Jepang mengalami "penderitaan berat" saat dua kotanya Hiroshima dan Nagasaki hancur lebur akibat perang.
Dalam pidato Santo Yohanes Paulus II di monumen peringatan perdamaian saat kunjungannya ke Hiroshima, dia mengingatkan bahwa perang, adalah ulah manusia, yang akan membawa manusia itu sendiri kepada kehancuran. Dia mengatakan juga bahwa, pada akhirnya, perang akan membawa kematian bagi kehidupan.
Memang perang yang terjadi saat itu adalah perang antar negara, karena ketamakan manusia untuk menguasai dan sekaligus menghancurkan lawan (Kota Hiroshima merupakan salah satu saksi bisu dari sisi gelap perang) .
Walaupun saat ini dibeberapa tempat masih terjadi perang (yang sesungguhnya), untungnya baik di Jepang maupun di Indonesia, tidak terjadi perang seperti saat Perang Dunia ke-2 atau saat perang untuk merebut kemerdekaan.
Namun, saya memaknai pidato Santo Yohanes Paulus II tersebut masih relevan saat ini. Kita memang masih harus terus ber"perang".
Bedanya, "perang" disini adalah tidak untuk melawan, menaklukkan, bahkan bukan untuk menyakiti orang lain, apalagi menyakiti orang yang berbeda pandangan dengan kita.
Melainkan kita harus terus "perang" melawan diri kita sendiri. "Perang" untuk mengalahkan hawa nafsu pribadi atau kelompok.
Kita harus bisa berperang melawan egoisme, sehingga diharapkan kita punya lebih banyak waktu untuk menjaga dan memberi nilai bagi kehidupan. Karena kehidupan itu penting, bukan saja untuk kita sendiri, melainkan juga bagi semua makhluk hidup di atas bumi, yang diciptakan olehNya.
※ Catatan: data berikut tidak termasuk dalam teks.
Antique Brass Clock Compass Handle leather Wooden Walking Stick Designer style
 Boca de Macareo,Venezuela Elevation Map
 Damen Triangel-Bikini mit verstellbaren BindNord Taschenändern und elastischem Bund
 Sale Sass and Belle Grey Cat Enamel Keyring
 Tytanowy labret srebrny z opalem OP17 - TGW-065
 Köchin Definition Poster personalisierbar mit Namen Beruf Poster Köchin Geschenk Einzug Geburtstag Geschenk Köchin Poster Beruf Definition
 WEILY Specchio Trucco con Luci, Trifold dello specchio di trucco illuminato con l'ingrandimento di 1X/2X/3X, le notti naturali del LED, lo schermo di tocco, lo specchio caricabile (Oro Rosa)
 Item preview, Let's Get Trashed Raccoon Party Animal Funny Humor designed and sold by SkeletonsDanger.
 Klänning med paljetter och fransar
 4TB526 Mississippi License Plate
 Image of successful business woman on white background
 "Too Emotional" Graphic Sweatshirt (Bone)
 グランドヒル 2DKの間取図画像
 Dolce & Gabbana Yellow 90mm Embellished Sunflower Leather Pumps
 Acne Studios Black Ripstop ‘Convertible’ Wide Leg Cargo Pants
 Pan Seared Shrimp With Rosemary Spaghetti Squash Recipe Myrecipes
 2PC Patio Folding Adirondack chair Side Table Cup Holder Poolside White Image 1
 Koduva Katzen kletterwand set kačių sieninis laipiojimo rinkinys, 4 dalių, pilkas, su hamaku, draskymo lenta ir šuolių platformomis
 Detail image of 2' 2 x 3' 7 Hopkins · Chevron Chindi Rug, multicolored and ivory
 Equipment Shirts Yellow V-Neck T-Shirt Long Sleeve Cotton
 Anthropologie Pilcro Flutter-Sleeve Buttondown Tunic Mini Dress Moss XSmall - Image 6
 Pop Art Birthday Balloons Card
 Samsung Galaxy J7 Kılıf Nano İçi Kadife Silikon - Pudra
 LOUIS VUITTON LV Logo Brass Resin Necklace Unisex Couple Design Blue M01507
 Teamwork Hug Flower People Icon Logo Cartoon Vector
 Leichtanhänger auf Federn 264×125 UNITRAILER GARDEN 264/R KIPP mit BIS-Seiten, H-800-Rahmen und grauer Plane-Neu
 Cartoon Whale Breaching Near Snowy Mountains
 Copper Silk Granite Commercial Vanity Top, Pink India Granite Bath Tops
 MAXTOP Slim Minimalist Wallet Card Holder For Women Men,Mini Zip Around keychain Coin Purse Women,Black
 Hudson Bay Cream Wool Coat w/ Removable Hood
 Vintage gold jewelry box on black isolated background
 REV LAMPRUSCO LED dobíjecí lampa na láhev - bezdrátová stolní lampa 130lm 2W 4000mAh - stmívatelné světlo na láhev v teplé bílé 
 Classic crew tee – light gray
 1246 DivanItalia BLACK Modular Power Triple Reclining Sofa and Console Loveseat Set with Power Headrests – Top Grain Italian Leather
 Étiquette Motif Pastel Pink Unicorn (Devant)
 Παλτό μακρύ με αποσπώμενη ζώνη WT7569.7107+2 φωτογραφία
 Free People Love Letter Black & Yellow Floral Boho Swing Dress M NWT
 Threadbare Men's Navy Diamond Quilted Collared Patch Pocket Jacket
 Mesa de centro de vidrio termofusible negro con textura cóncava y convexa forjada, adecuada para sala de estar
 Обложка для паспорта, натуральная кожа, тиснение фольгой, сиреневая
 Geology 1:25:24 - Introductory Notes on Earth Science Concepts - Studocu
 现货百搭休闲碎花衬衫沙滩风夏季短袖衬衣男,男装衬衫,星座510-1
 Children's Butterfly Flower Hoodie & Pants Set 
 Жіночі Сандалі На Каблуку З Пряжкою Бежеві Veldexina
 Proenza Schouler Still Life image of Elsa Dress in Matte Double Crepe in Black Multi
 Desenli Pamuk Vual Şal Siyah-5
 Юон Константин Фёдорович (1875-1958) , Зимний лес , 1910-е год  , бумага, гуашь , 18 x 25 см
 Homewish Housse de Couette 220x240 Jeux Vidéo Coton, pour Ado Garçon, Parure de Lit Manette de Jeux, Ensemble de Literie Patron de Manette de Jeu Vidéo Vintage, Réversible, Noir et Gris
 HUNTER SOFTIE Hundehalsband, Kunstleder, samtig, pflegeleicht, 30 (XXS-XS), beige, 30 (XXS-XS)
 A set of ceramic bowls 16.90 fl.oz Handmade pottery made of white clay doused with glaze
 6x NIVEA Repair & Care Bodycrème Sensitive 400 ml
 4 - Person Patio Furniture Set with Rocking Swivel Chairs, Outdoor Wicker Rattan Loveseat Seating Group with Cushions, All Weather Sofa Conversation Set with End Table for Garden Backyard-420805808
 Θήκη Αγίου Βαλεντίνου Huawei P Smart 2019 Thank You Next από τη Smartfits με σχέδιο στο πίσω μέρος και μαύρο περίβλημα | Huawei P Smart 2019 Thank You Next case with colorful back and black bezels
Saya sebagai orang Katolik, dengan momentum Natal ini akan berusaha agar bisa "terlahir" kembali menjadi "manusia baru". Manusia baru yang bisa memberikan manfaat selain bagi diri kita sendiri, tentunya juga bagi sesama, tanpa memandang "baju" yang dipakainya.
Dan yang terpenting, ketika terlahir kembali sebagai manusia baru, orang (Katolik) diharapkan bisa memberi nilai dan menghargai kehidupan, atas semua makhluk hidup ciptaanNya di bumi, dimanapun kita berada.